What is environmental degradation if not the extinction of possibility? Extinction is part of the process: 98% of species that have existed are now extinct. But the background rate of extinction is now between 100 and 1,000 times higher than the pre-human rate. A society that cares about human diversity without protecting biodiversity is not practicing love. Love preserves possibility in both human and nonhuman societies.

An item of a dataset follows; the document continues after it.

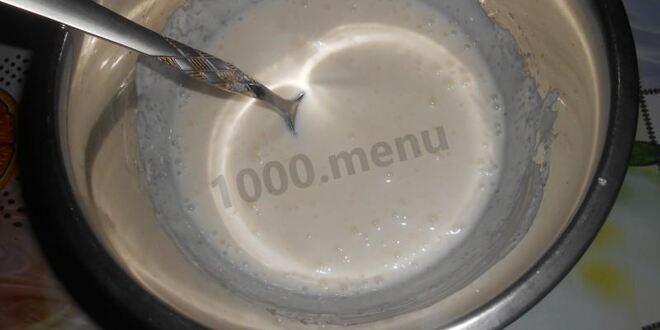 Рецепт манника на кефире без муки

Rejection of human diversity is part of the problem, of course. Racism is such a strong-rooted weed that it’s difficult to see how deeply it reaches into the collective psyche. Most perniciously, it limits possibilities: for people of all races, but especially those who are almost universally vilified. When I approach a Black man or woman with a set of biases in my brain (which is likely always the case), I limit his or her horizon of possibilities. These expectations can be surmounted by the target of my bias, but it takes incredible psychological acuity and stamina. Most of us are passively expected into our roles, ushered into the collective stereotype that best suits our particular gender, race, or sexuality. So the opposite of love is diffidence, but also the brute force of Society, which is diffidence institutionalized. The world rolls on mechanically, horizons shrinking in each unopposed age.
How do we break free of these narrowing horizons? Of the de-humanizing of humans, and the de-sacralizing of Earth? How do we let love unfold the miraculous? Every truly new possibility is a miracle, a miracle let live by love. This is where I nod to a practice that I have only taken seriously in the past two years: meditation, centering prayer, contemplative practice. One practice, with numerous names and endless techniques.
Pick your flavor, but pick something. To open your heart to the earth before you. To stop letting your gaze stray, resisting reality. To face life head-on and to find in that facing the only peace that can withstand anything because it includes everything. In meditation this morning, I mulled over these words: I open myself to the weight and wonder of the world. The more weight you include (of seeing suffering, of accepting responsibility), the lighter you will feel. You will have more consciousness to carry this weight, and finally, the weight will release. You will no longer need to stereotype, scapegoat, and slot people into good, bad, better, less. You will accept your utter debility in changing anything or anyone, and this will free the world to change itself. Maybe even miraculously. Maybe in time to avoid the worst of climate calamity.
In the meantime, my daughter reminds me of the miraculous core of everything. Of the innocence of humans, of our weakness that limps into harm of earth and others. We are all good and all evil and all containers of infinite possibility, if love can free our sight and redeem our diffidence.